Solution-using HTMLRewriter to extract/scrape, not rewrite

So, HTMLRewriter according to some people can be a generic XML or HTML. Im surprise “SAX” and lolhtml and htmlrewriter have never been name checked in the same page ever. On the first round of my code, I realized, I don’t return a response object to the client until all of the origin file was read and parsed. Pointless to waste latency/CPU parsing to the end, although latency penalty on client side penalty is unmeasurable IMO after IO. On discord someone suggested I use try/“throw” to stop HTMLRewriter execution. But I get

worker.js:48 Uncaught (in promise) Error: foundCarrier
    at Object.text (worker.js:48)
text @ worker.js:48
Uncaught (async) Error: foundCarrier

Yes it is my exception so it is not a problem, and bizarrely CFW runtime if you execute

throw "string";

turns into

e = String("Error: internal error")

You have to create an Error object, IDK why, not string object. Plus 2 ugly warnings in preview editor.

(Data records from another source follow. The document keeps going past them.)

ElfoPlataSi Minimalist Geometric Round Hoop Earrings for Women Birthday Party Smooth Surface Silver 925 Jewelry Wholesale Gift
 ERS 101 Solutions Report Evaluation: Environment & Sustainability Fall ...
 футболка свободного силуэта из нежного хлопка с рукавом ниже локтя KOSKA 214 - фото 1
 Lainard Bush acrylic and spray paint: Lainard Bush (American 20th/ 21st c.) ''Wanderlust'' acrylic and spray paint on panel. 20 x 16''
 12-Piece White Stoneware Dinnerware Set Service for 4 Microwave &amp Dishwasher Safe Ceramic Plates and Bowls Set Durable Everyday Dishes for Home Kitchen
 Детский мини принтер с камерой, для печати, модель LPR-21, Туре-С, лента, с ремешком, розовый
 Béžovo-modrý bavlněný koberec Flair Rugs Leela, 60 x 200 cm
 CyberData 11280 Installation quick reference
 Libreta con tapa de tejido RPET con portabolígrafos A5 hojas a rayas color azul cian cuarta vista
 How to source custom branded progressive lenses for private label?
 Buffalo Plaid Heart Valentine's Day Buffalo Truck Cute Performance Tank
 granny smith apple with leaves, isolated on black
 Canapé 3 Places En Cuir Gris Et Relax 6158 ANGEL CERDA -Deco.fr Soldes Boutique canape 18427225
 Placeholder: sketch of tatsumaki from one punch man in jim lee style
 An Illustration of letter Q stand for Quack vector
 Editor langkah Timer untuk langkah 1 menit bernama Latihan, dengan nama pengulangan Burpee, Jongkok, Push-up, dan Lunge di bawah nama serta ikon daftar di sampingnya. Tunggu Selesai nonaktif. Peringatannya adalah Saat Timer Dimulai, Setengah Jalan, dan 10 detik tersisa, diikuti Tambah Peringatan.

try/catch/throw isn’t supposed to be “normal control flow” by the book, so I decided to rewrite it with “modern” JS.

First error I ran into, inside an HTMLRewriter handler, you can’t call event.respondWith(new Response(…))

Too late to call FetchEvent.respondWith(). It must be called synchronously in the event handler.

and also

A hanging Promise was canceled. This happens when the worker runtime is waiting for a Promise from JavaScript to resolve, but has detected that the Promise cannot possibly ever resolve because all code and events related to the Promise's request context have already finished.

After alot of work, the secret being not using await and using

event.respondWith(new Promise(function(resolveCB) {
  resolveCB(new Response(respBody));
}));

I got the runtime to return a response object mid-parsing inside HTMLRewriter. I found is really not obvious, to create a new “fake event” and manually fire it from inside a HTMLRewriter callback and using .then() instead of the ubiquitous await that nearly all CFW code samples and production code uses.

I am posting the try/catch/throw and the promises-only version of the same worker for anyone else in the future to know how to use HTMLRewriter as a parser/scraper ALONE, not a rewriter. Would anyone do this differently? are the return void context of a promise callback function correct to avoid CPU/firing “resolve(undefined)” events?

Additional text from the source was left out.